Try it: Give an exact copy of the data that follows, but none of its pictures.

Data for the task:
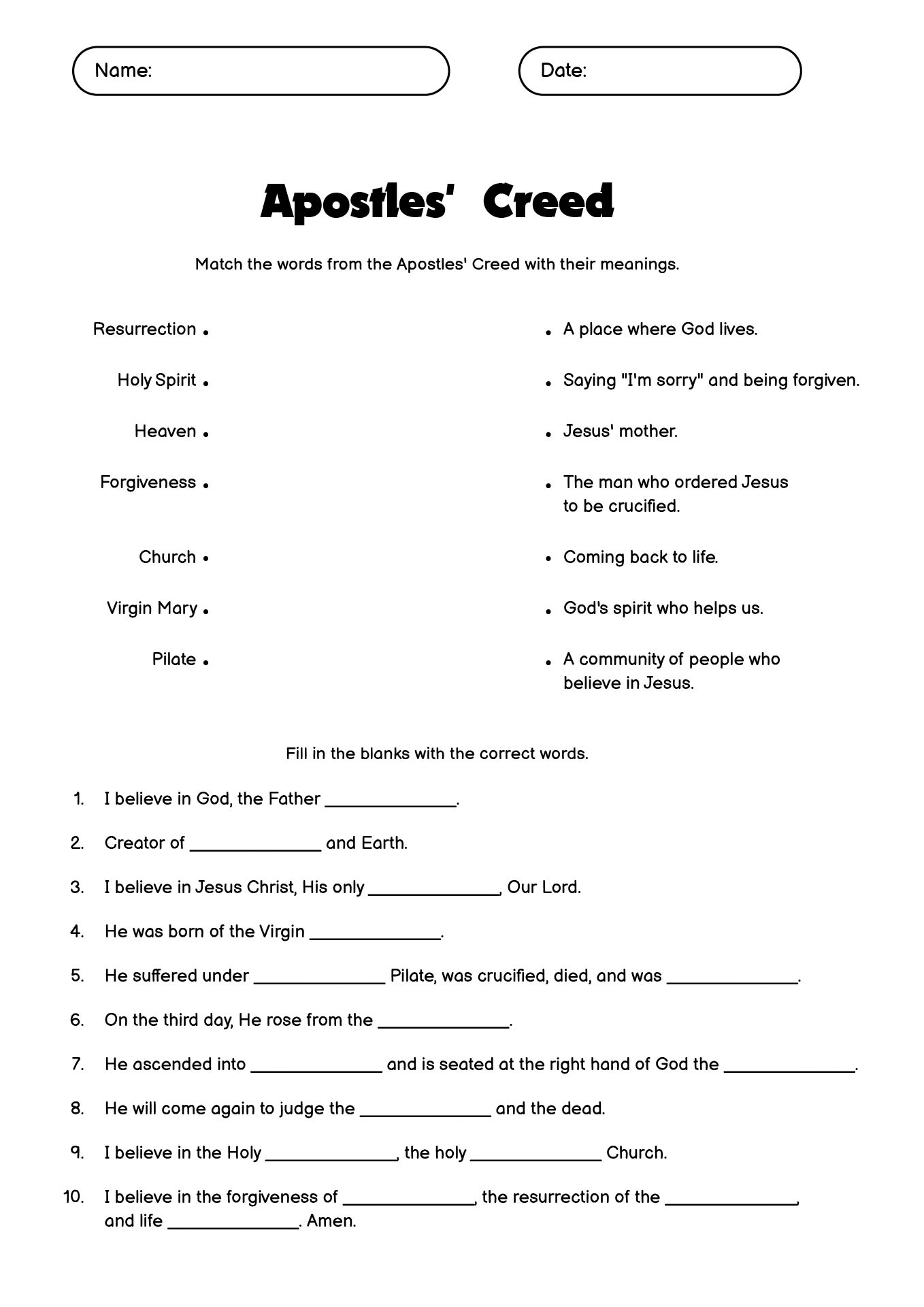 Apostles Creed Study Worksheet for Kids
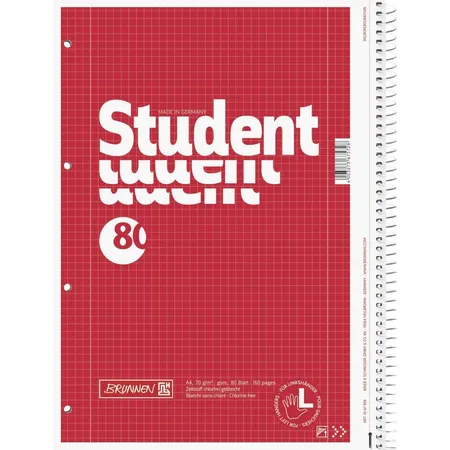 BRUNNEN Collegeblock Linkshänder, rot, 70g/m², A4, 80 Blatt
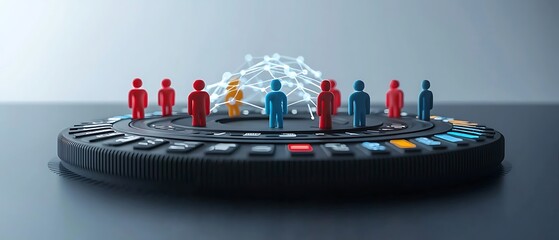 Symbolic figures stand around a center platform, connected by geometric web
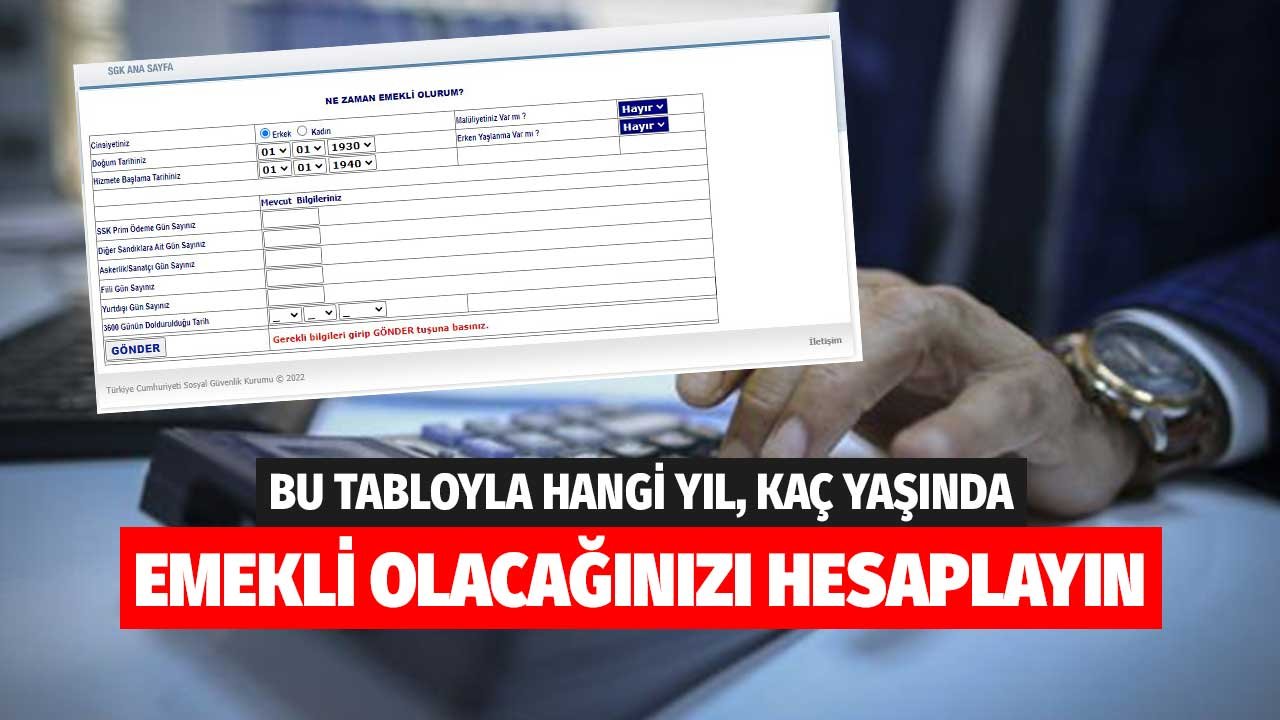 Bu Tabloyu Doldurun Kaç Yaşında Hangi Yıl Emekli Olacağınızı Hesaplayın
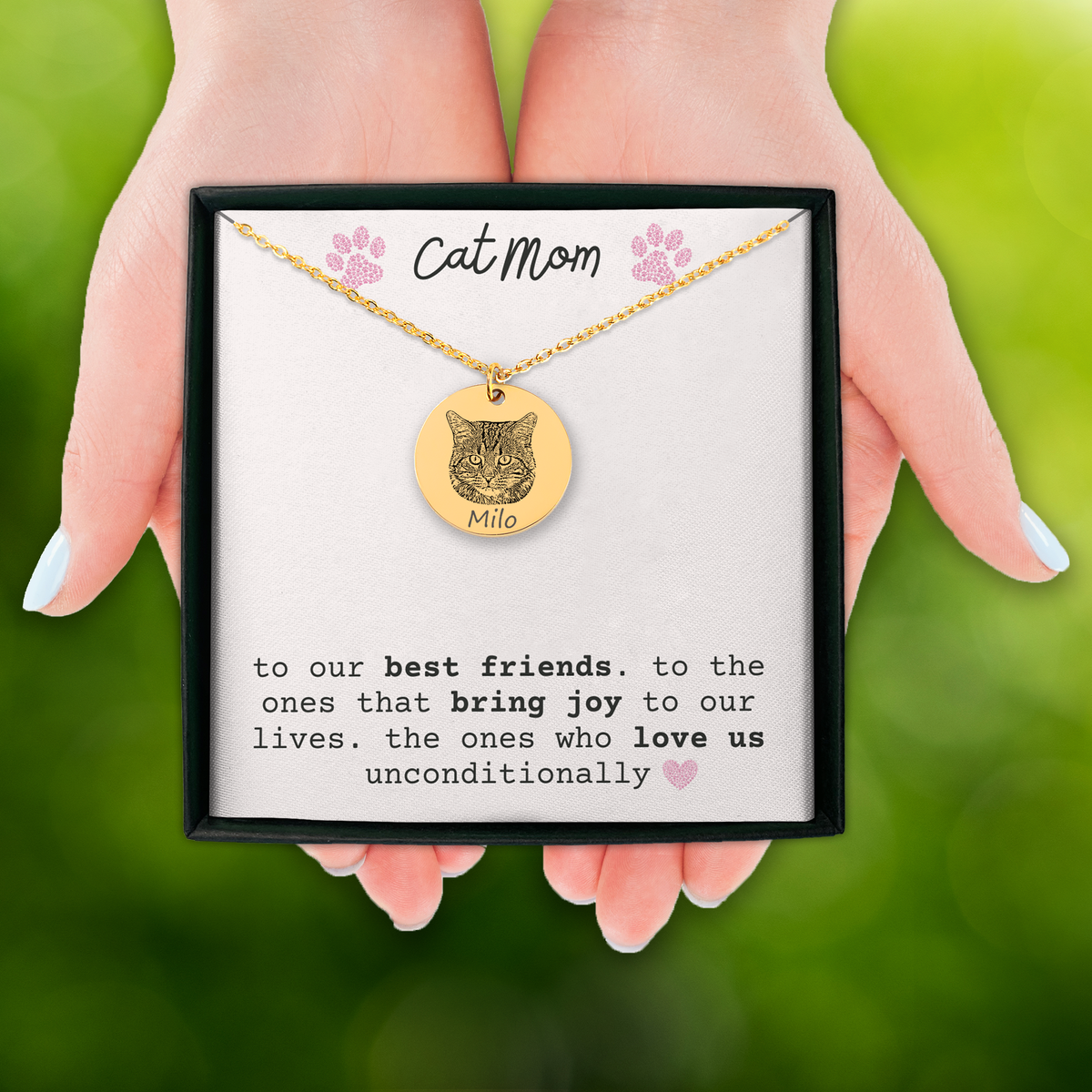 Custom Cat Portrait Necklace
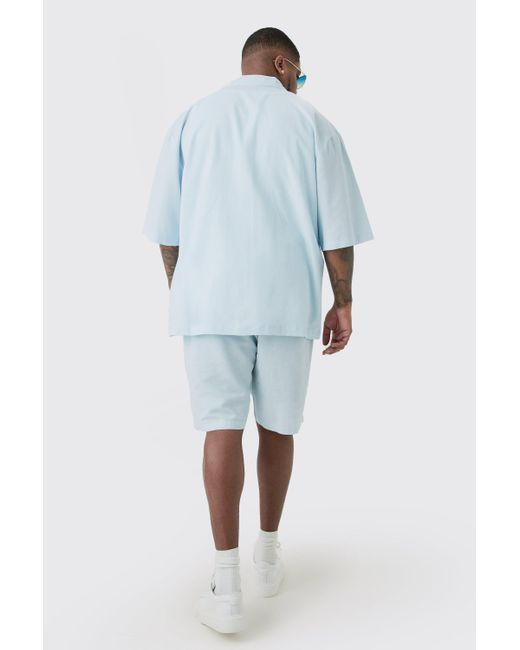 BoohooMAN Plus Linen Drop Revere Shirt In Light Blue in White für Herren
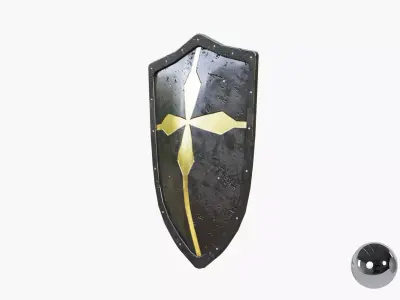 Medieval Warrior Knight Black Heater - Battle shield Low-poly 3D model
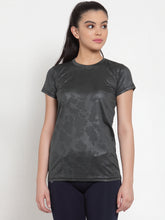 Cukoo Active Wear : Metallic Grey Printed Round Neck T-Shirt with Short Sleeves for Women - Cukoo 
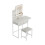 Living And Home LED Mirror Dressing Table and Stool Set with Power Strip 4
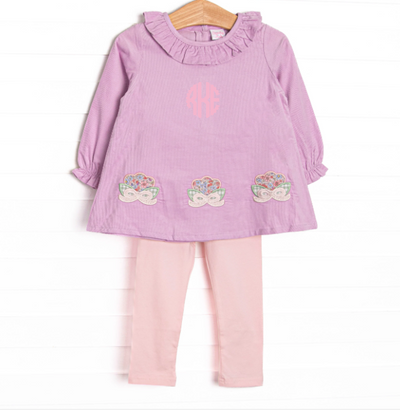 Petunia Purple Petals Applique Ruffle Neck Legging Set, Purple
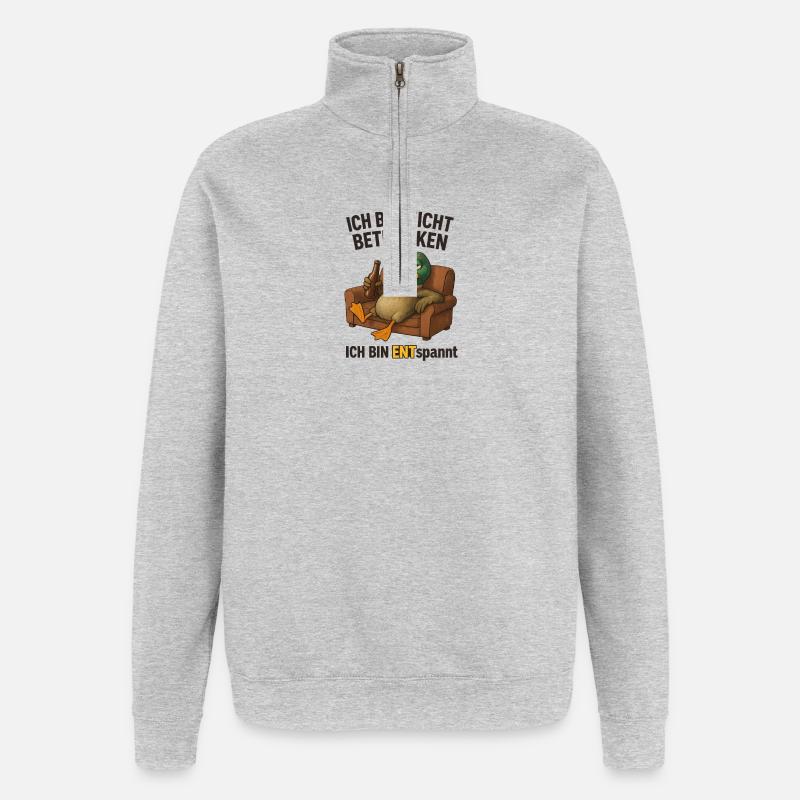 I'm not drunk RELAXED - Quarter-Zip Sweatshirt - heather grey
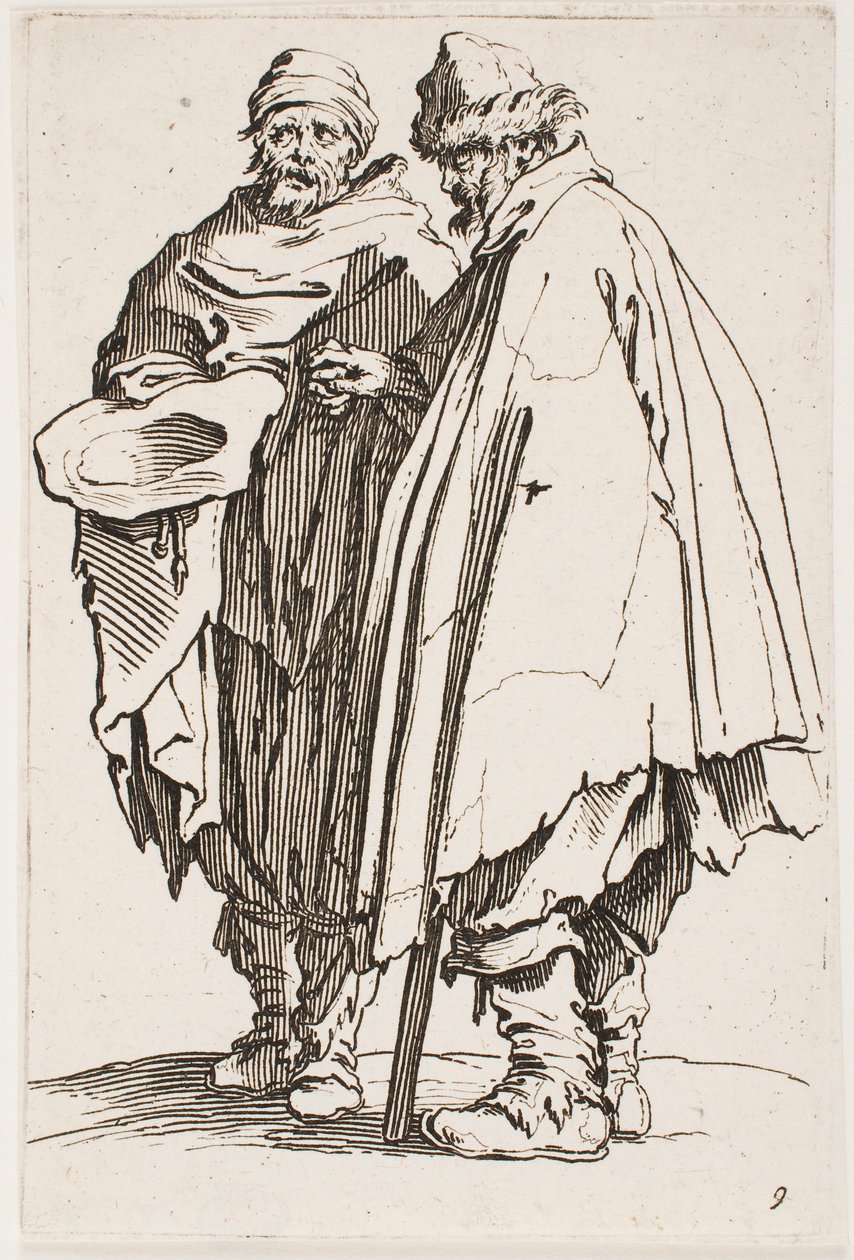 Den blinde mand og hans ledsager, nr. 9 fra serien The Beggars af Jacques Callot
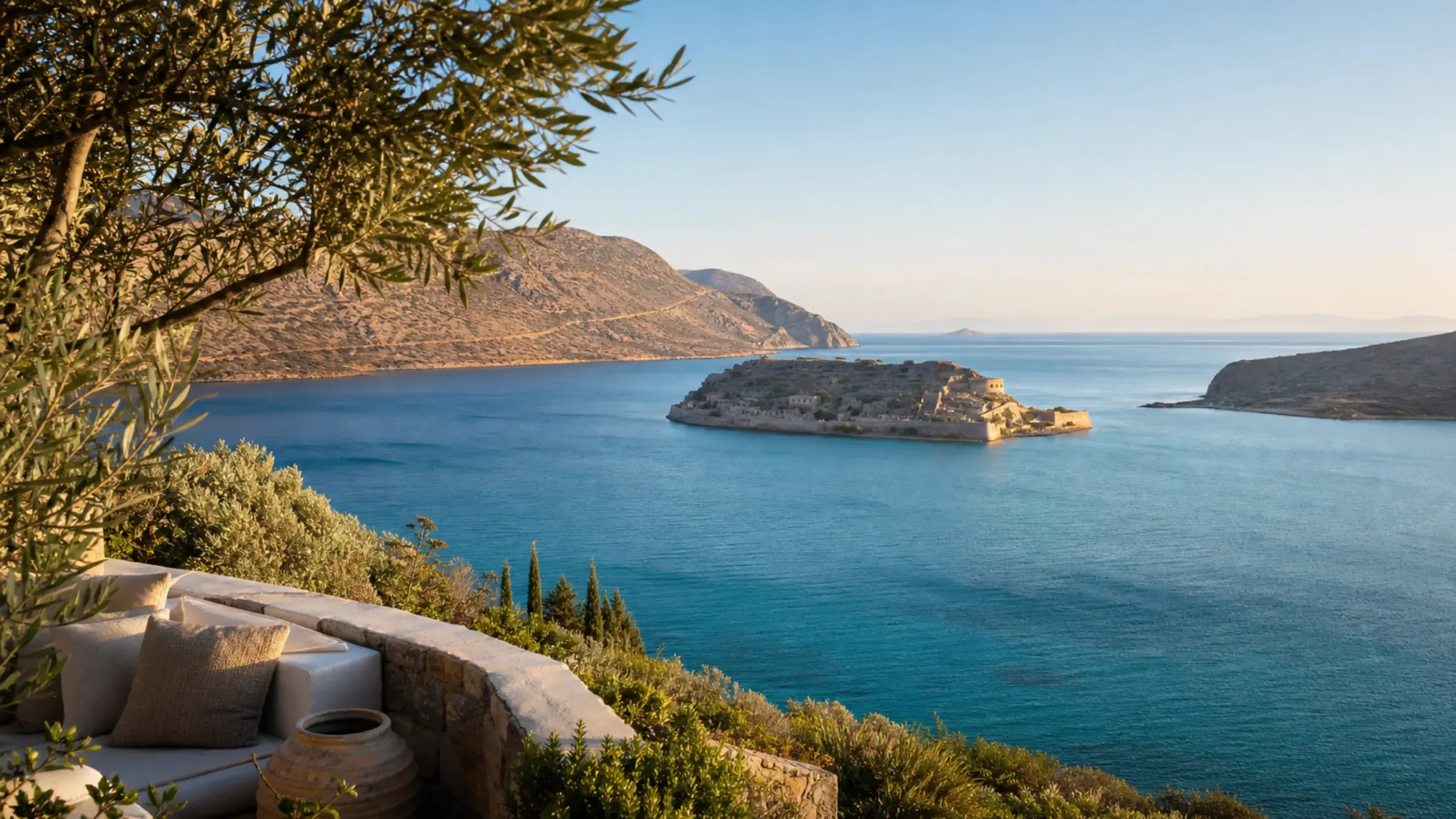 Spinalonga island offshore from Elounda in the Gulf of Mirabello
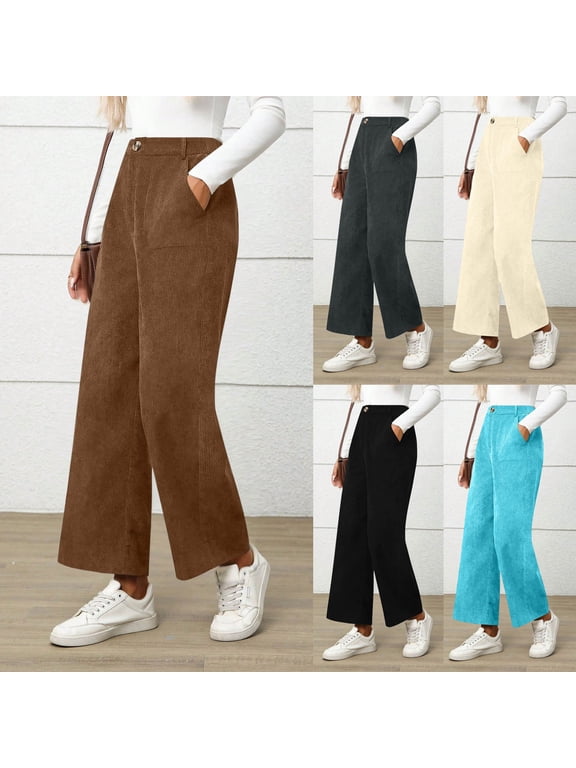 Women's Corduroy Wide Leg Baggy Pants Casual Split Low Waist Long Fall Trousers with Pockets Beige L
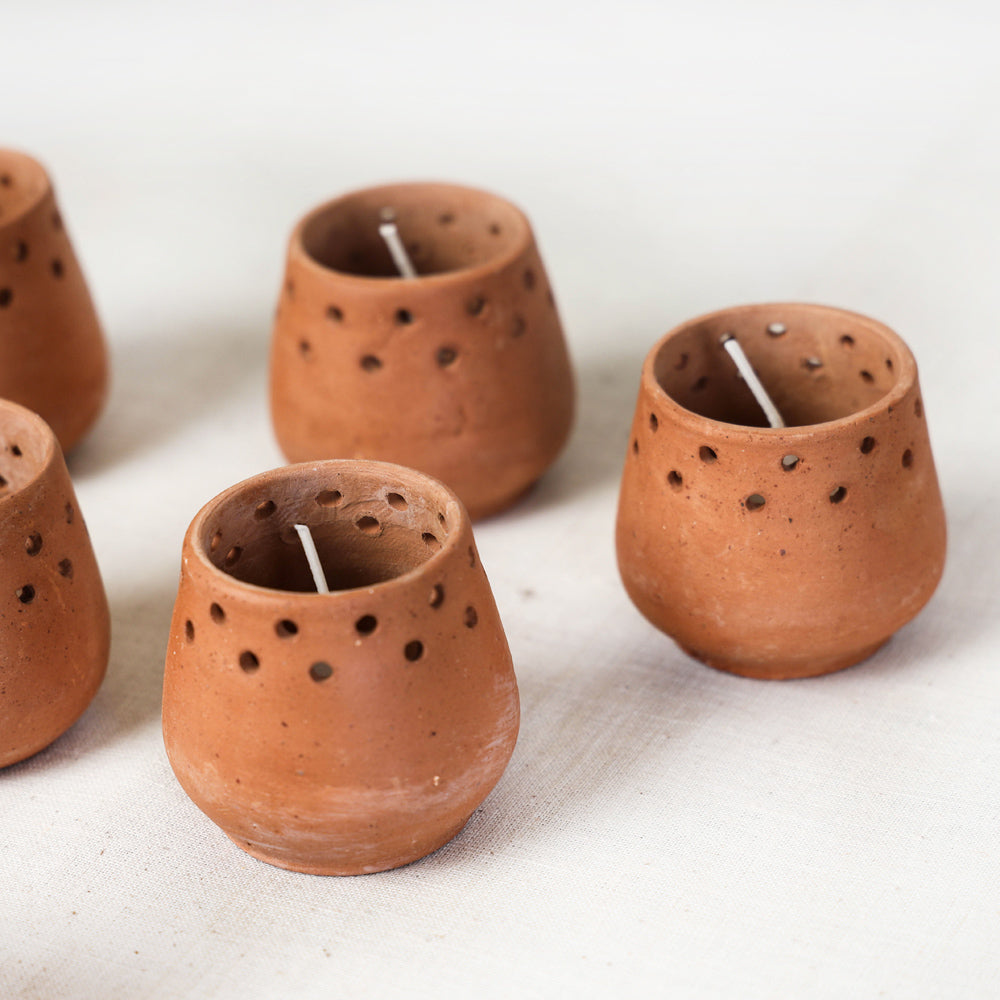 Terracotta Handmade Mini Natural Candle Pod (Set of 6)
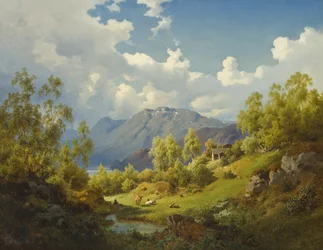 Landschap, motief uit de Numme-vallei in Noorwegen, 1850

Worked solution:
 Apostles Creed Study Worksheet for Kids
 BRUNNEN Collegeblock Linkshänder, rot, 70g/m², A4, 80 Blatt
 Symbolic figures stand around a center platform, connected by geometric web
 Bu Tabloyu Doldurun Kaç Yaşında Hangi Yıl Emekli Olacağınızı Hesaplayın
 Custom Cat Portrait Necklace
 BoohooMAN Plus Linen Drop Revere Shirt In Light Blue in White für Herren
 Medieval Warrior Knight Black Heater - Battle shield Low-poly 3D model
 Cukoo Active Wear : Metallic Grey Printed Round Neck T-Shirt with Short Sleeves for Women - Cukoo 
 Living And Home LED Mirror Dressing Table and Stool Set with Power Strip 4
 Petunia Purple Petals Applique Ruffle Neck Legging Set, Purple
 I'm not drunk RELAXED - Quarter-Zip Sweatshirt - heather grey
 Den blinde mand og hans ledsager, nr. 9 fra serien The Beggars af Jacques Callot
 Spinalonga island offshore from Elounda in the Gulf of Mirabello
 Women's Corduroy Wide Leg Baggy Pants Casual Split Low Waist Long Fall Trousers with Pockets Beige L
 Terracotta Handmade Mini Natural Candle Pod (Set of 6)
 Landschap, motief uit de Numme-vallei in Noorwegen, 1850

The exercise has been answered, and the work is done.